Many years ago, my son had a lot of medical issues, neurological and otherwise and we had to consult with doctors, specialists and therapists from many different fields. They all had different ways of communicating with me – some effective, some not so much. Some seemed to have all the answers, some didn’t seem so trustworthy and you sometimes felt that they were holding something back. I came to realise that I did not trust or respect doctors who “knew it all” or at least liked you to think that they did. The doctors who impressed me the most, and whom I found to be most trustworthy, were those who, in answer to a question of mine said, “I don’t know but I will find out for you.” The doctor who was always ready with the “answers” sometimes appeared to be just paying lip service to my information demands. The digital learning age needs to equip all users with this ability – to understand that it is OK not to know everything immediately, but that we need to know how to find out. Learning skills are vital – we have digital means to locate and store information, but we need to develop the skills to use these tools effectively.

In a recent school audit I was concerned about the interview process as I thought I would be expected to know everything off the top of my head. I do not know my planning and curriculum documents that well – but I do know how to locate them on my laptop. Luckily for me, the auditor also acknowledged the importance of knowing how and where to retrieve the information, over the value of instant recall.

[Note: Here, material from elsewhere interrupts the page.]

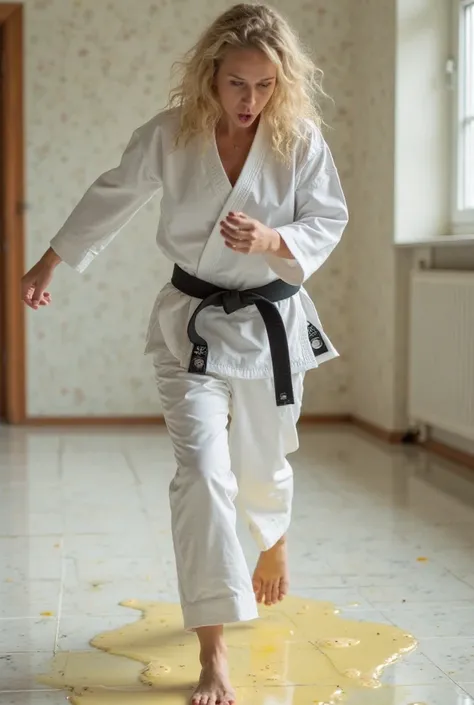 8k, young, woman, white, blond, athletic, karate outfit, barefeet, ceramic floor, slipped, slipping, salad oil, slippery, barefeet slipping, foot sliding forward, surprised face, flailing arms, stepping on oil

With information of all kinds available at the click of a button, we should be teaching learning skills rather than knowledge (Richardson, 2010).  Students need to know how to learn and how to access the information they need to know.

My first post

OK, so I have started a blog.  Did it because it is a requirement for ETL401 in my Masters and now the challenge is to figure out what to do with it!  I know I am supposed to reflect on my learning but this is something I am still learning how to do.  So I guess jumping right in is the best way to start.  I am loving the reading and the challenge of moving out of my comfort zone.  While it is at times a little daunting, information is something I am finding that I just can’t get enough of.  So, with the help of this blog, I fully intend to make the most of my year of study.